Eleventh-century Scots and . . . Anthony Powell?

I wouldn't be a good Anthony Powell obsessive if I didn't follow up Saturday's post on Dorothy Dunnett with a note highlighting the following unexpectedly Powellian passage that I noticed late in her King Hereafter:
The year changed, and then began to unroll, like a wheel in turbulent country; like an unreeling ribbon of Groa's weaving that once, long ago, he had spoiled with his blood. A spinning ribbon in which, peg by peg, the device switched without warning, producing a new assortment of patterns, a new set of boundaries, a new line of direction, a mischievous disorder of design that tested his strength to the limit through the most powerful tenet by which he lived: Adapt and survive.
The language isn't exactly Powellian, but the sentiment definitely is, reminding me of one of the most perceptive and memorable passages in A Buyer's Market, the second volume of A Dance to the Music of Time:
Certain stages of life might be compared with the game of Russian billiards, played (as I used to play with Jean, when the time came), on those small green table, within the secret recesses of which, at the termination of a given passage of time--a quarter of an hour, I think--the hidden gate goes down; after the descent of which, the coloured balls return no longer to the slot to be replayed; and all scoring is doubled.

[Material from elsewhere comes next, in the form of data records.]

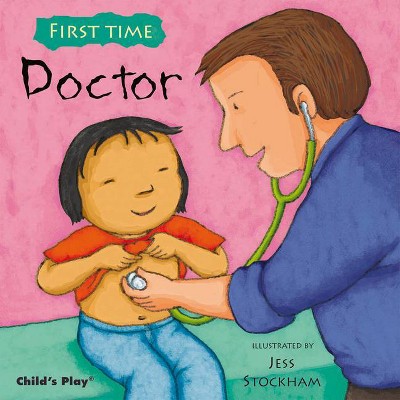 Doctor - (First Time) (Paperback)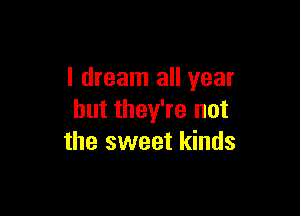 I dream all year

but they're not
the sweet kinds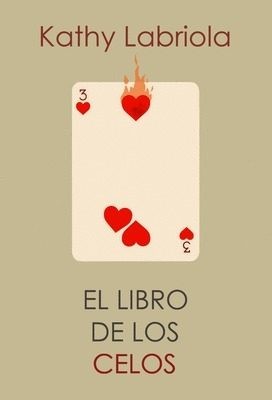 Kathy Labriola: El libro de los celos (Spanish language, 2017, UHF)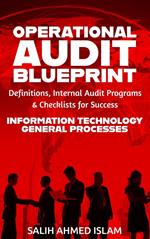 The Operational Audit Blueprint: Definitions, Internal Audit Programs, and Checklists for Success – IT & General Processes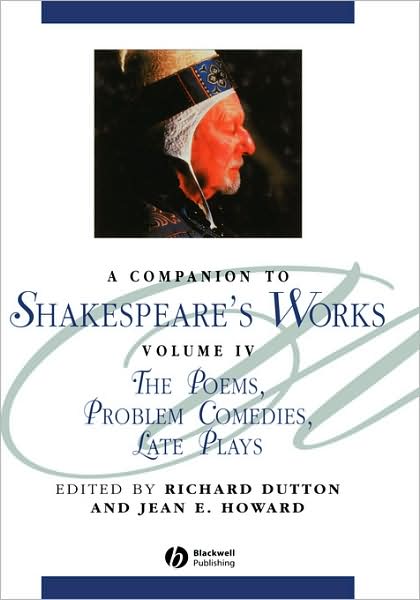 A Companion to Shakespeare's Works, Volume IV: The Poems, Problem Comedies, Late Plays - Blackwell Companions to Literature and Culture - R Dutton - Books - John Wiley and Sons Ltd - 9780631226352 - May 8, 2003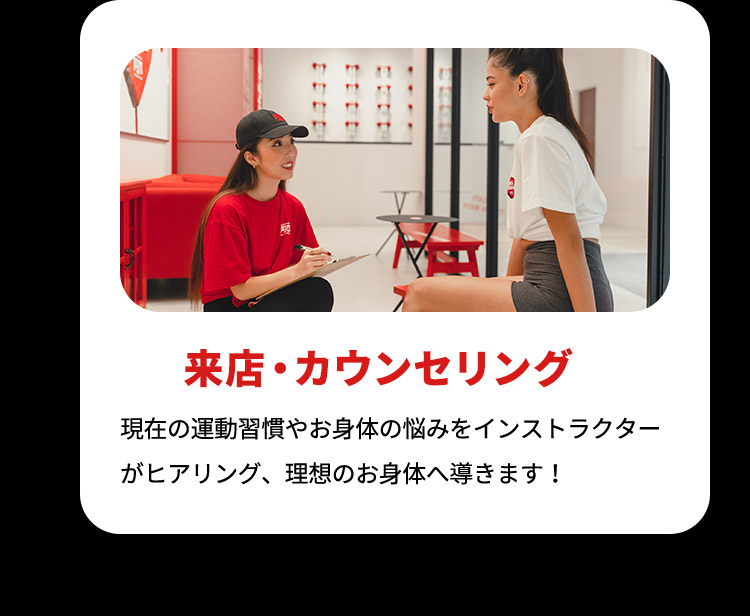 来店・カウンセリング 現在の運動習慣やお身体の悩みをインストラクターがヒアリング、理想のお身体へ導きます！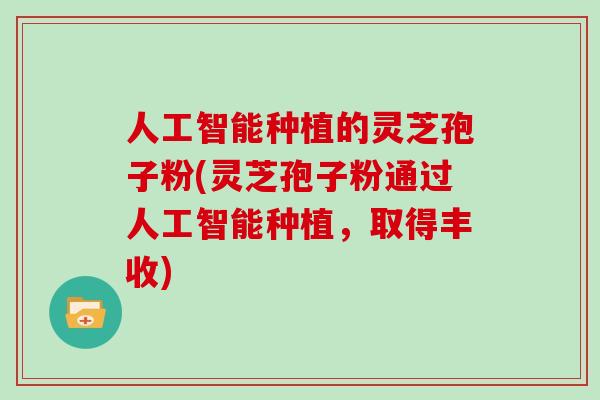 人工智能种植的灵芝孢子粉(灵芝孢子粉通过人工智能种植，取得丰收)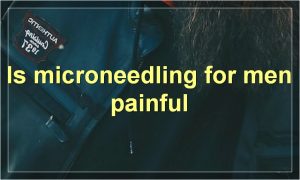 Is microneedling for men painful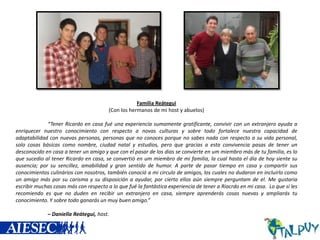 Familia Reátegui
(Con los hermanos de mi host y abuelos)
“Tener Ricardo en casa fué una experiencia sumamente gratificante, convivir con un extranjero ayuda a
enriquecer nuestro conocimiento con respecto a novas culturas y sobre todo fortalece nuestra capacidad de
adaptabilidad con nuevas personas, personas que no conoces porque no sabes nada con respecto a su vida personal,
solo cosas básicas como nombre, ciudad natal y estudios, pero que gracias a esta convivencia pasas de tener un
desconocido en casa a tener un amigo y que con el pasar de los dias se convierte en um miembro más de tu familia, es lo
que sucedio al tener Ricardo en casa, se convertió en um miembro de mi familia, la cual hasta el día de hoy siente su
ausencia; por su sencillez, amabilidad y gran sentido de humor. A parte de pasar tiempo en casa y compartir sus
conocimientos culinários con nosotros, también conoció a mi circulo de amigos, los cuales no dudaron en incluirlo como
un amigo más por su carisma y su disposición a ayudar, por cierto ellos aún siempre perguntam de el. Me gustaria
escribir muchas cosas más con respecto a lo que fué la fantástica experiencia de tener a Riacrdo en mi casa. Lo que si les
recomiendo es que no duden en recibir un extranjero en casa, siempre aprenderás cosas nuevas y ampliarás tu
conocimiento. Y sobre todo ganarás un muy buen amigo.”
– Daniella Reátegui, host.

This is perhaps an image of how we live. For reasons not always at the time explicable, there are specific occasions when events begin suddenly to take on a significance previously unsuspected; so that, before we really know where we are, life seems to have begun in earnest at last, and we ourselves, scarcely aware that any change has taken place, are careering uncontrollably down the slippery avenues of eternity.
So true, so familiar. "Life has begun in earnest," and "scarcely aware that any change has taken place," we are off on what will turn out to be--if for no other reason than that by the time we realize what's going on we will have come such a long way on it--our true course. On that subject, and the way it ramifies throughout our lives, Powell has no equal.

1 comment:

  1. Thank you very much for sharing this - I can see that your knowledge of Powell is way above mine - but for what it is worth i have always felt that Powell deals well with the movement and pace of life in his work - so this is a very interesting quotation.